The Horn of Mortal Danger
- First edition
- Author: Lawrence Leonard
- Cover artist: Gavin Rowe
- Language: English
- Genre: Science fiction
- Publisher: Julia MacRae
- Publication date: 1980
- Publication place: United Kingdom
- Pages: 224
- ISBN: 0-7445-0847-9
- OCLC: 59211869

= The Horn of Mortal Danger =

1980 book by Lawrence Leonard

The Horn of Mortal Danger is a 1980 novel by British musician Lawrence Leonard. It relates the adventures of a brother and sister as they discover a secret civilisation buried beneath the streets of London. It is a 'classical' children's fantasy.

==Plot summary==

Simon ("Widgie") and Jen Widgeon are innocently exploring the abandoned Highgate rail tunnel near their home when they discover a hidden gateway halfway along it. Through this, they find their way to a little old-fashioned railway station.

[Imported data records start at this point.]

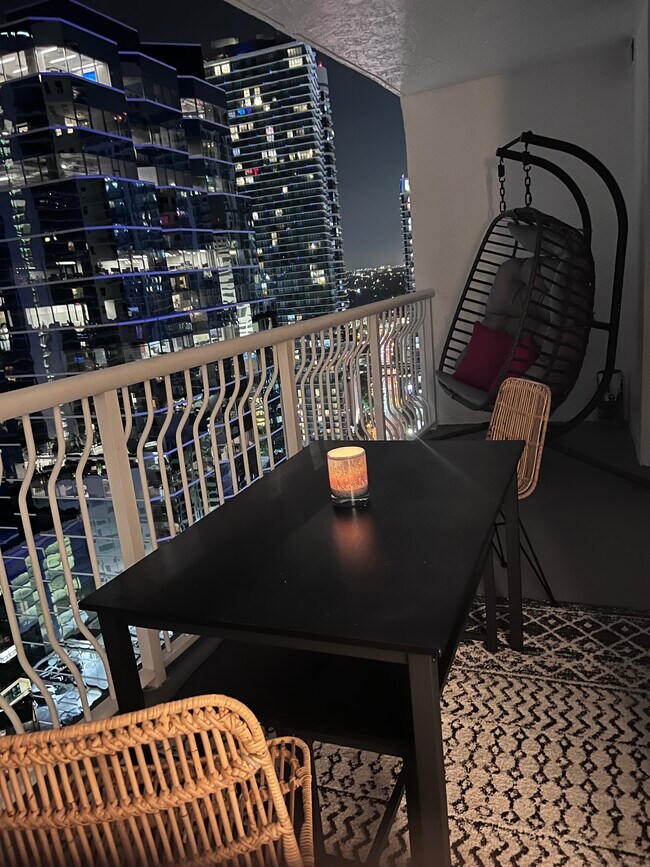 Building Photo - 1200 Brickell Bay Dr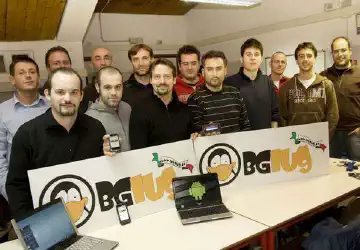 Foto di gruppo nella sede rinnovata!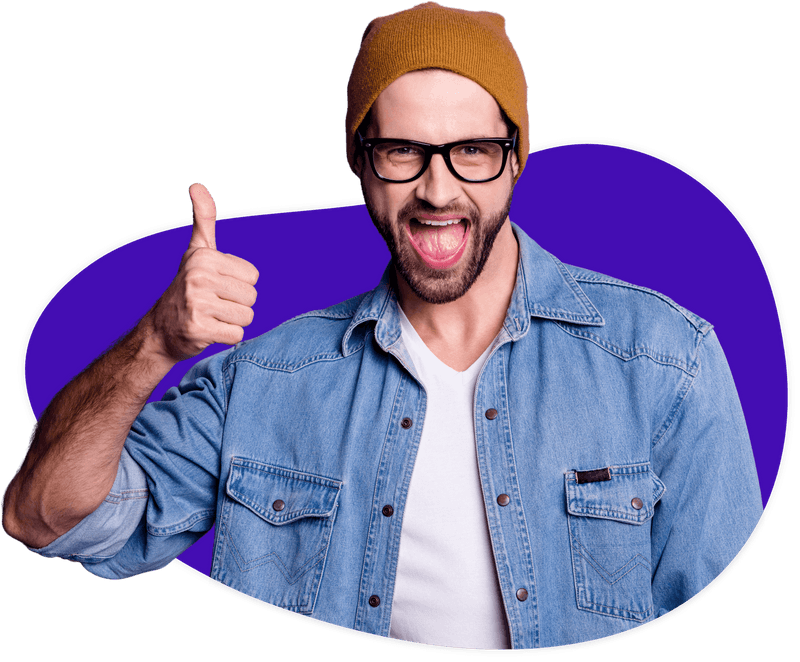 Zu sehen ist ein junger Mann, der sich freut. Er steht vor einem lila Hintergrund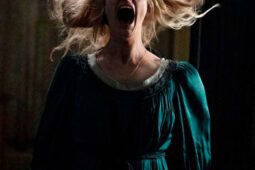 Hannah Galway em O Gabinete de Curiosidades de Guillermo Del Toro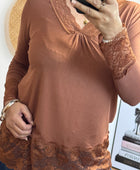 Top dentelle camel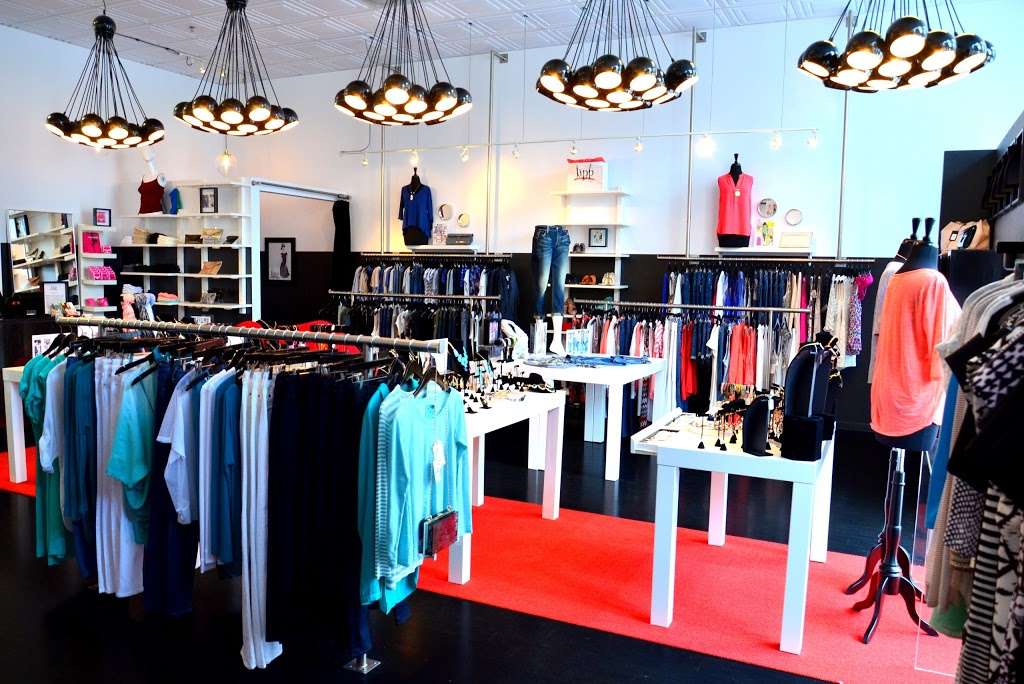 Lipp Boutique | 813 Providence Rd, Charlotte, NC 28207 | Phone: (980) 237-9415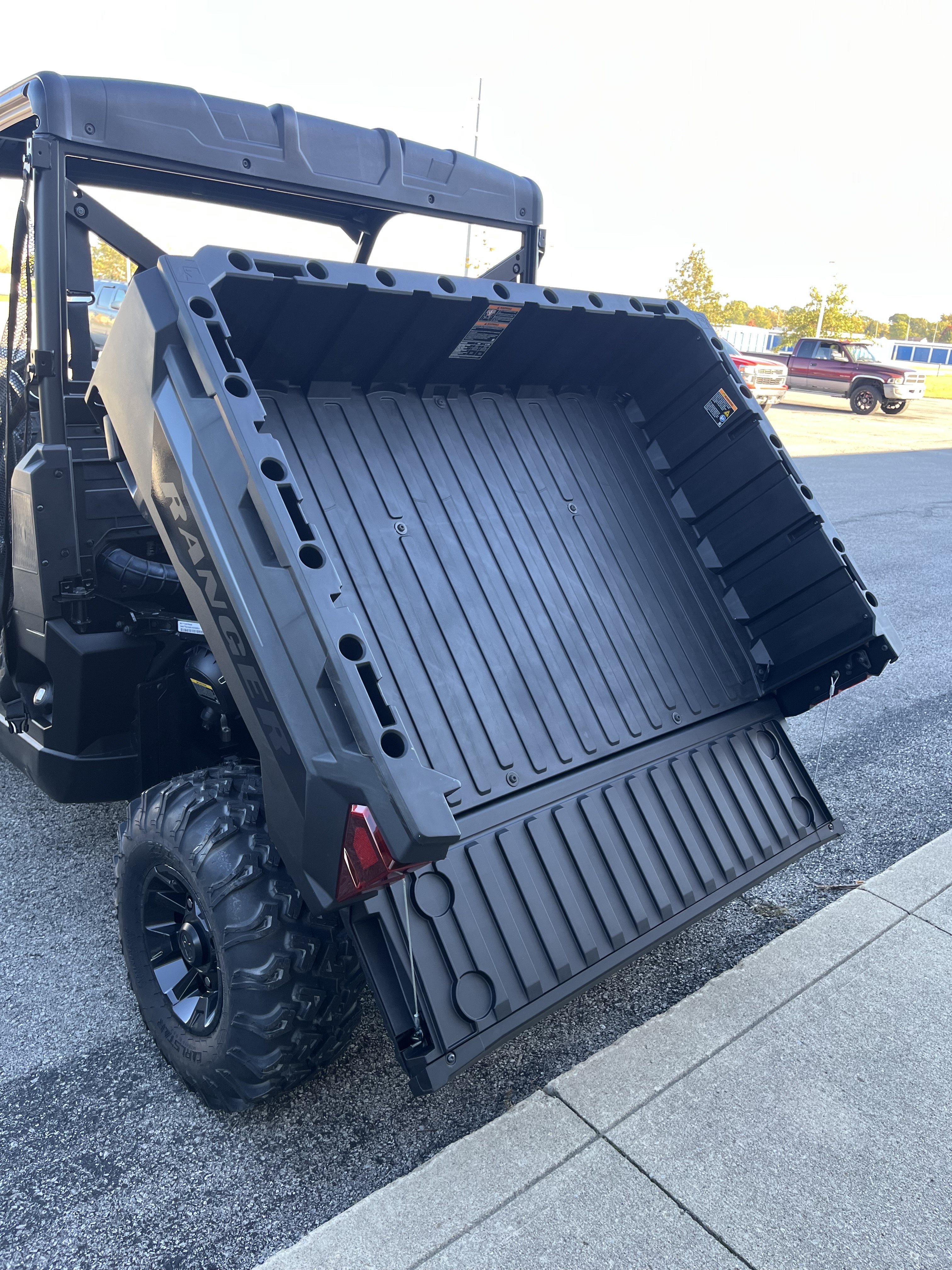 2027 Polaris Ranger photo 9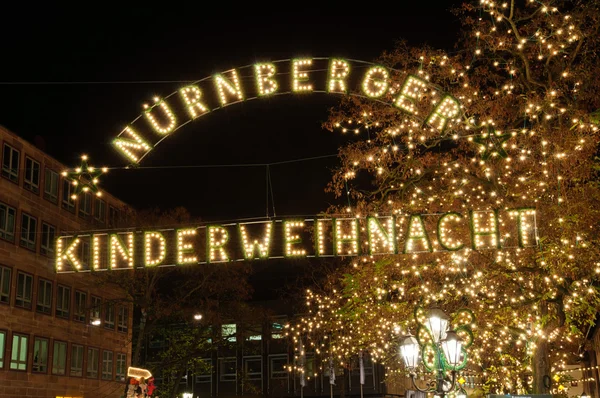 Vánoční osvětlení v Norimberku, Německo — Stock fotografie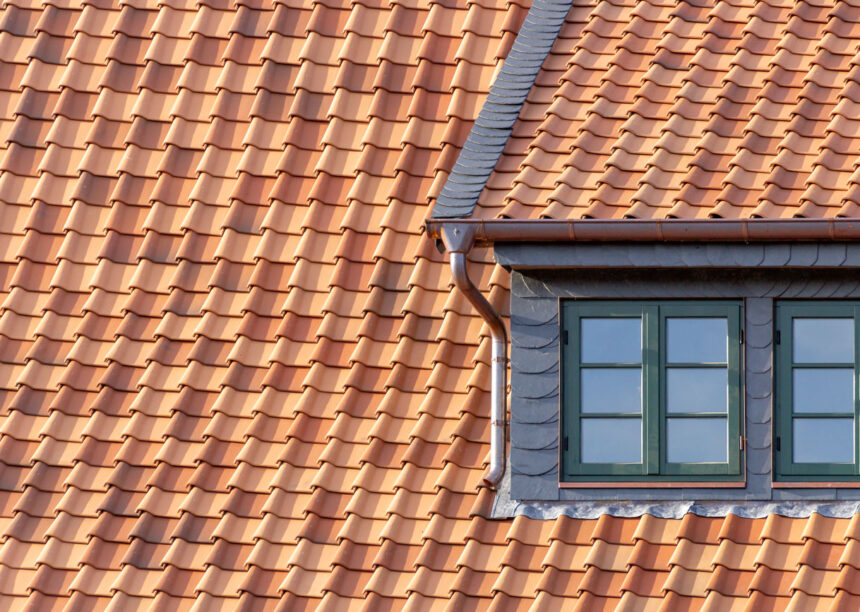 Gasthaus Deutscher Kaiser Herzberg mit Krempziegel K1 mit Details von der naturrot gedämpften Tonziegel.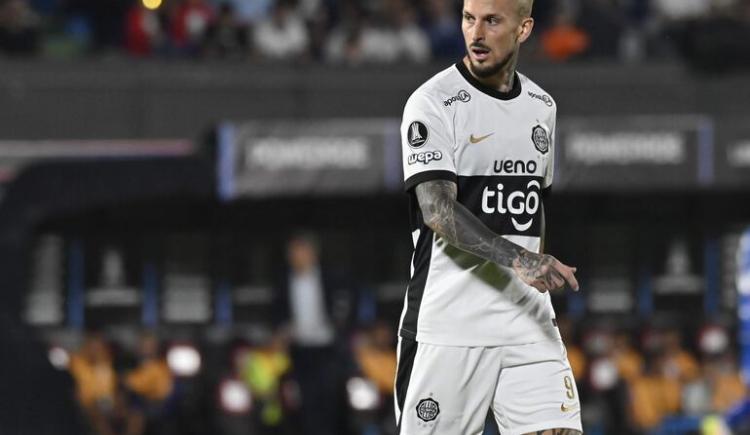 Imagen de Es oficial: Darío Benedetto vuelve al fútbol argentino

At first the tunnels seem deserted. However, as Jen wanders down the tunnel to explore, the Railwaymen emerge and capture Widgie. Jen, in her turn, discovers an underground canal, complete with a little steamboat, which the railway crosses through a retractable bridge. Men emerge from the boat and take her captive.

It quickly becomes apparent that Widgie and Jen have become caught up in an entire underground civilisation, which the North London System had kept secret for centuries from the world above. Two civilisations, in fact, seemingly perpetually at war. The siblings' arrival becomes the catalyst for a climactic battle between the Railwaymen and the Canallers.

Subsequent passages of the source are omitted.